Alfredo MARTÍNEZ DE AGUILAR

* La sustitución del oaxaqueño Hugo Aguilar Ortiz ha encendido una de las mayores controversias políticas y jurídicas desde la aprobación de la reforma judicial impulsada por Morena y el expresidente Andrés Manuel López Obrador.

* Convertir a la Corte en extensión del Poder Ejecutivo, debilita los contrapesos constitucionales. Análisis internacionales advierten que las reformas del gobierno concentran poder y erosionan la independencia judicial.

La eventual llegada de Lenia Batres en dos años a la presidencia rotativa de la Suprema Corte de Justicia de la Nación en sustitución del oaxaqueño Hugo Aguilar Ortiz ha encendido una de las mayores controversias políticas y jurídicas desde la aprobación de la reforma judicial impulsada por Morena y el expresidente Andrés Manuel López Obrador.

Diversos sectores académicos, judiciales y opositores sostienen que no se trata simplemente de una renovación institucional, sino de una “toma por asalto” del máximo tribunal del país mediante un rediseño constitucional que modifica la integración, funcionamiento y presidencia de la Corte.

La polémica se centra en el nuevo esquema de presidencia rotativa cada dos años, derivado de la reforma judicial, mecanismo que abriría la puerta para que Lenia Batres encabece la SCJN pese a las críticas sobre su cercanía ideológica con el oficialismo y su perfil abiertamente político.

Sus críticos afirman que el proyecto busca convertir a la Corte en una extensión del Poder Ejecutivo, debilitando los contrapesos constitucionales. Incluso análisis internacionales han advertido que las reformas impulsadas por el gobierno de Claudia Sheinbaum podrían concentrar poder y erosionar la independencia judicial.

En los últimos meses, Batres ha protagonizado fuertes confrontaciones dentro del pleno de la Corte. Ha sido señalada por impulsar criterios considerados afines al proyecto político de la llamada Cuarta Transformación y por intentar reabrir debates jurídicos ya concluidos bajo el principio de “cosa juzgada”, postura que fue frenada por la mayoría de ministros.

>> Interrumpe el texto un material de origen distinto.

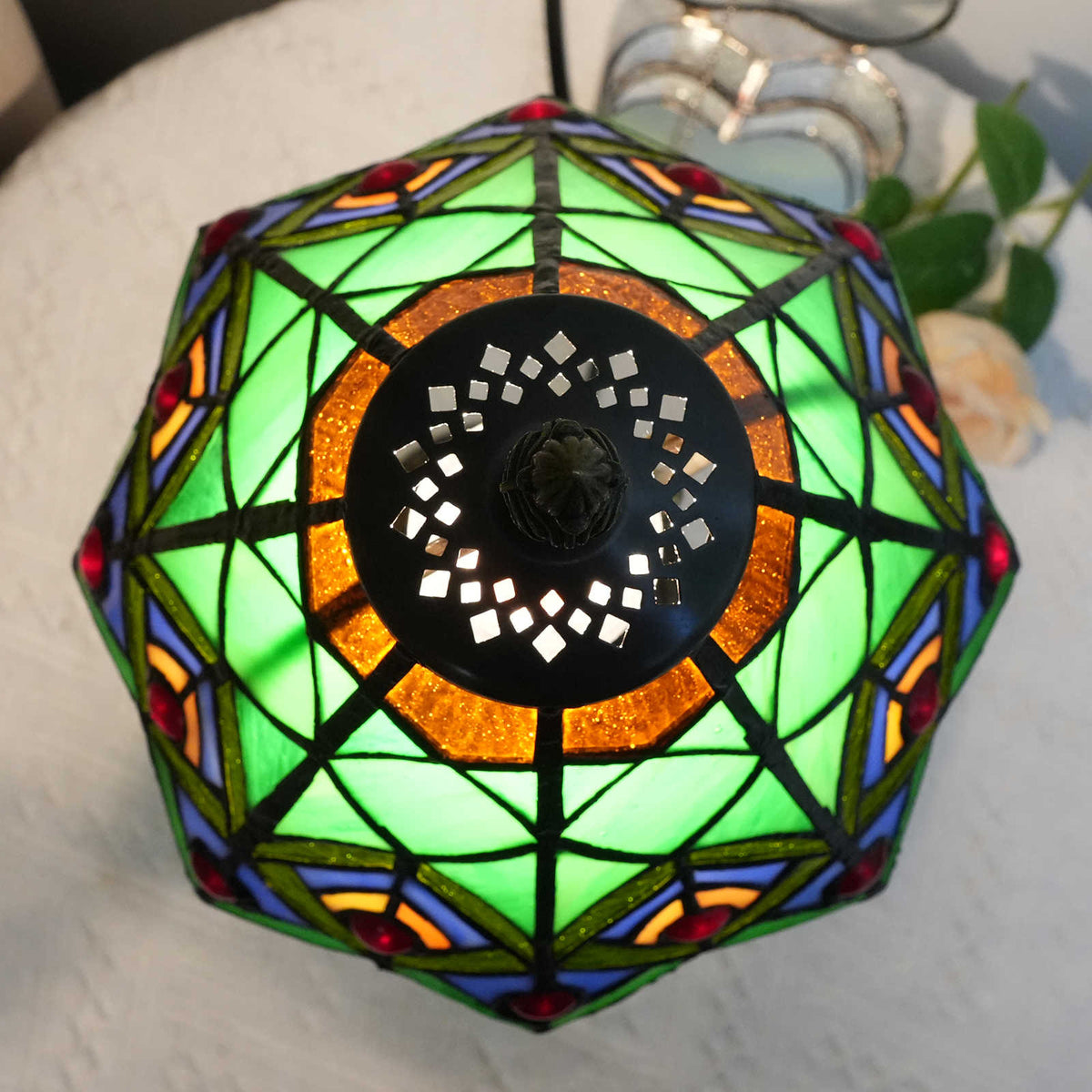 Tiffany Table Lamp in Stained Glass and Antique Bronze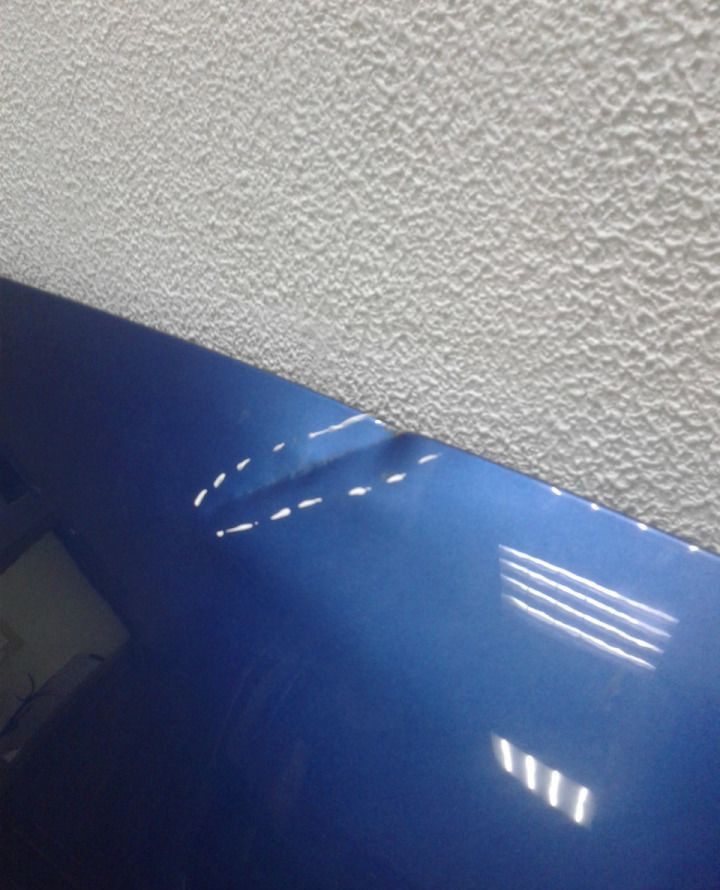 Капот Volvo XC60 2 (мал. вмятина) Капот Volvo XC60 2 (мал. вмятина)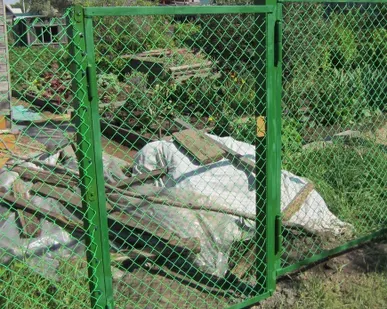 фото Калитка из сетки-рабицы в рамке из уголка, высота 1,8 м, ширина 1 м.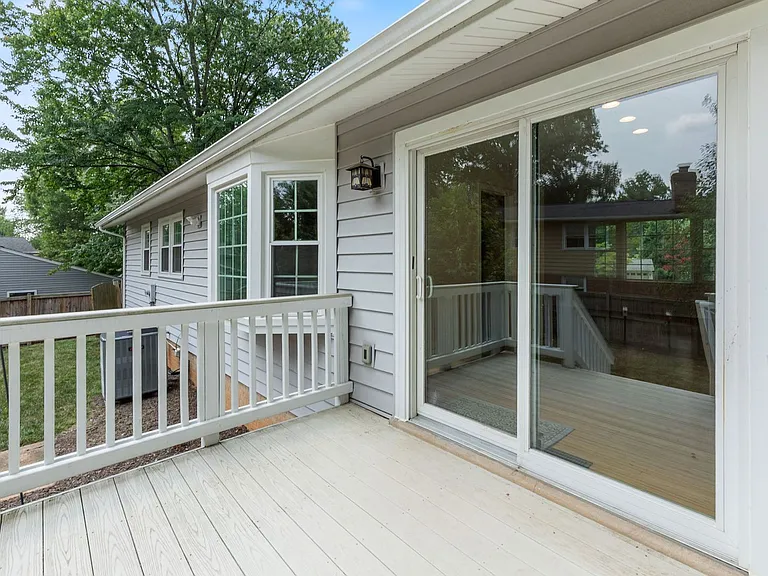 1731 Tamerisk Ct — Photo 45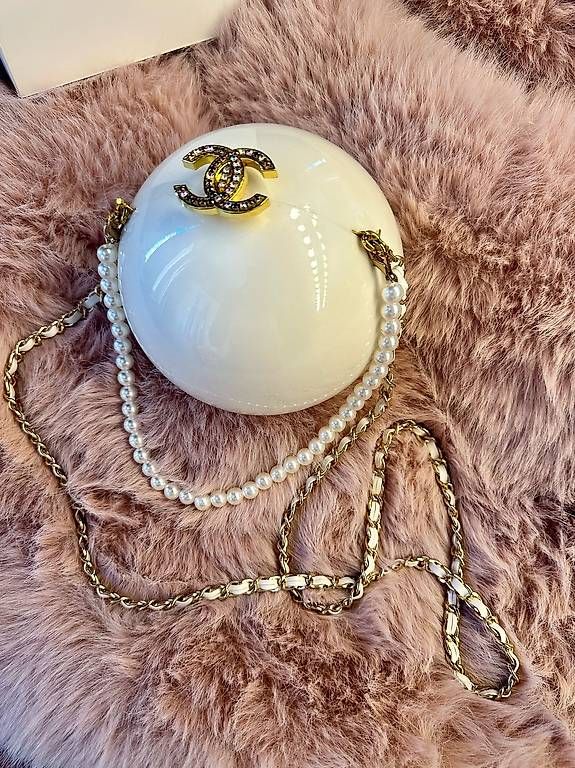 Borse da donna: CHANEL Authentic Rare Pearl Plexiglass Minaudiere Bag – Usato da Montagnola venduto da gia_6tcc 1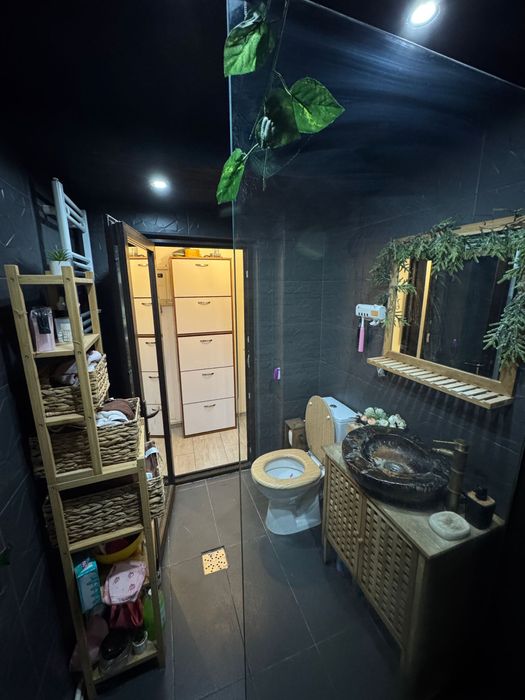 Apartament in zona centrala VAND 65.000€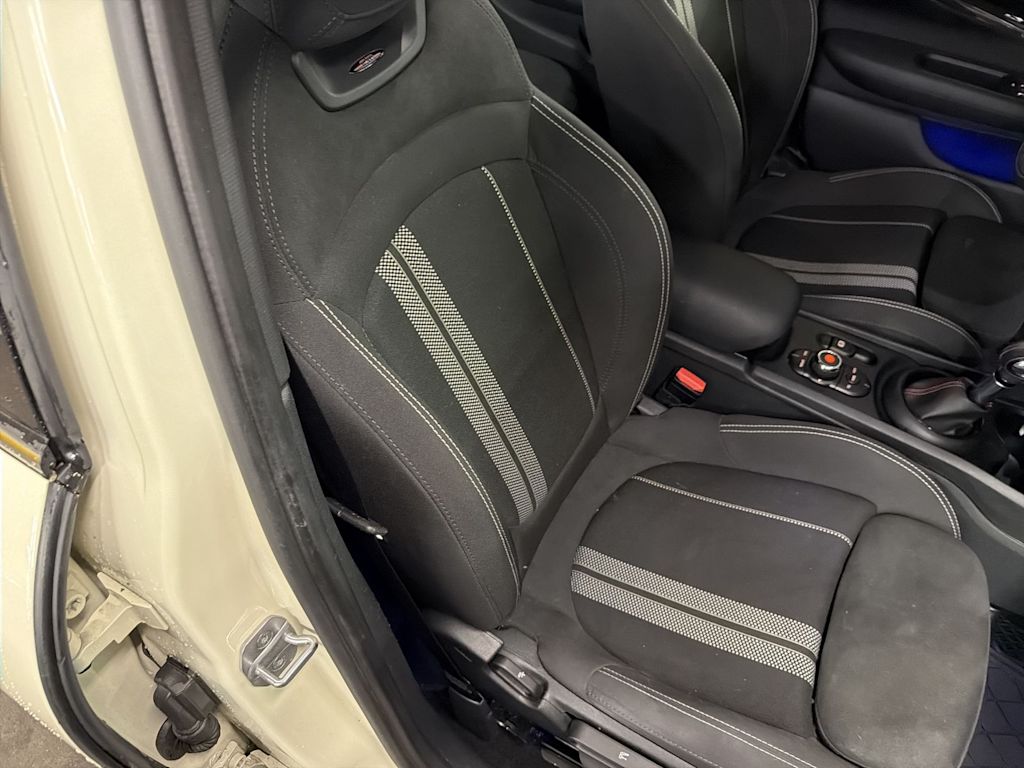 Thumbnail: 2018 MINI Cooper Clubman - 25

También generó controversia la decisión de la nueva integración de la Corte de rechazar solicitudes de jueces y magistrados para revisar la constitucionalidad de la propia reforma judicial, asunto en el que Batres fungió como ponente.

La narrativa de que se “orquesta una toma por asalto” de la SCJN se alimenta además de la percepción de que Morena logró rediseñar simultáneamente el Poder Judicial, el Tribunal Electoral y diversos órganos autónomos bajo una lógica de control político de largo plazo.

Mientras el oficialismo sostiene que la reforma democratiza la justicia y termina con privilegios de élites judiciales, sus adversarios advierten que México podría entrar en una etapa donde la independencia de los jueces quede subordinada al poder político dominante.

El verdadero fondo del debate no es únicamente Lenia Batres. Lo que está en disputa es si la nueva Corte seguirá siendo un contrapeso constitucional o terminará convertida en un órgano alineado al proyecto político gobernante.